We want them to focus more on infrastructure that would affect access to moving goods freely.
We want them to focus on prevailing on national governments to implement the protocols they have signed to.
We want them to focus on youth entrepreneurship to see how they can begin to advice member states on how youth unemployment can be reduced in the sub region.
I mean, those are the kind of serious issues we want ECOWAS to focus on.
Government is just an enabler; they are there to basically provide an enabling environment for businesses to flourish.
And that is why what NANTS is doing today is right.
As a Nigerian National, I should be able to go to Ghana and freely set up my business without any form of harassment.
So I believe the Ghanaian should be able to come to Nigeria and freely set up his or her business and become an employer of labour as well as pay his or her taxes to that particular economy.
So, ECOWAS should have policies, programmes to promote those kinds of initiatives; and that is why we are really focusing on that and making sure that ECOWAS steps up its game.

Is it not time Nigeria reconsiders it foreign policy on trade in the light of what is happening to Nigerian traders in Ghana? For me, I have always believed that this is a country that is big in terms of size, big in terms of population and resources.
But we have not been able to leverage on the type of power that we have.
We provided most of the funding for ECOWAS to fight and end the wars in Liberia and Sierra Leone and reconstruction.
You would have thought the Nigerian government would have a systematic way of pushing Nigerians who are engineers, teachers, and medical doctors to really go down there after things have settled to really begin to work in those places.
That is what other western or developed countries do.
Not just to spend your money and walk away.
Across the globe not only in the sub region, we provide technical Aid Corp to some of these countries.
What do we get back in return? Do we leverage on what we are giving them to really draw some power.
No, we are not doing that.
I think it’s time for us to really begin to see how we can leverage on the kind of power we have in size to be a leader that we really should be, not only in Africa but in the world as well.

Is it not asking too much when you talk about focusing on infrastructure considering that many ECOWAS countries are classified Least Developed Countries? I agree with you.
We are surrounded by a lot of countries in economic terms that are classified as Least Developed Countries (LDCs).
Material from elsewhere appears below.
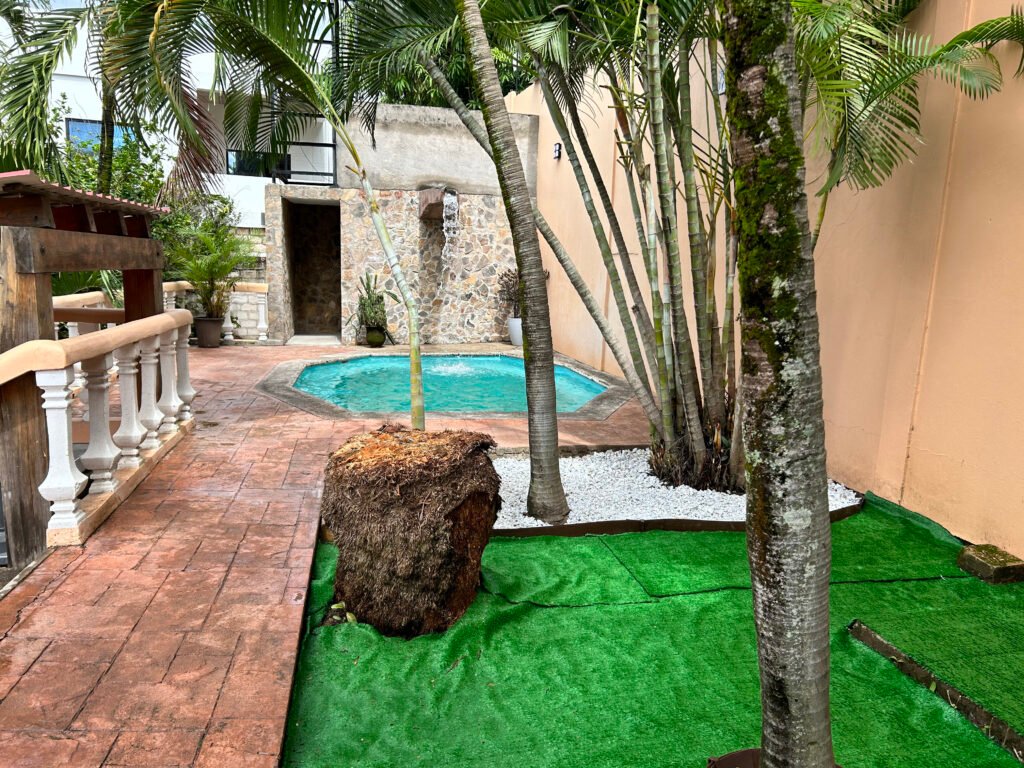 Swimming pool comayagua airbnb, rental, aluiler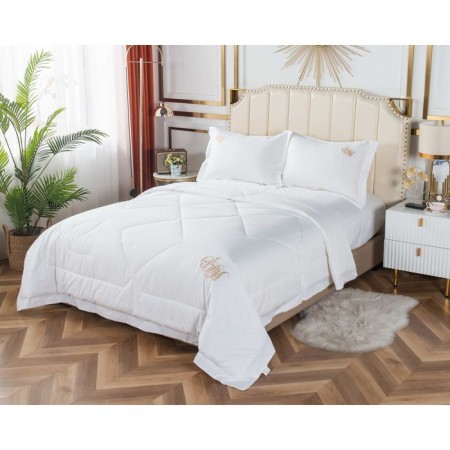 Set, size 230x250 cm, 160x220 cm - 2 pcs, 50x70 cm - 2 pcs-1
But even at that, I think in our own way we can begin to see how we can open up roads and railways networks that can walk across the sub region.
Infrastructure does not have to be funded by national governments.
You can do a Public Private Partnership (PPP) arrangement in which you bring in international or local financiers to finance the infrastructure.
And what you’ll do is that they can say ‘look, you have a toll gate, and within 25 years we will be able to recoup our money’.
We don’t need ECOWAS to initiate a programme where they will begin to task member states to do this kind of infrastructure.
Their own is to reel out policies and try and be the hub to coordinate this particular initiative to develop infrastructure.
Once we develop infrastructure there will be free movement of goods and that will be better for the 350 million people who live in this sub region.
Commerce will flourish and there will be economic development because when taxes are paid they will be able to use those taxes to better the lot of their people.
So, national governments don’t have to use their money alone.
What they can do is to use their capacity on how to harness infrastructural development.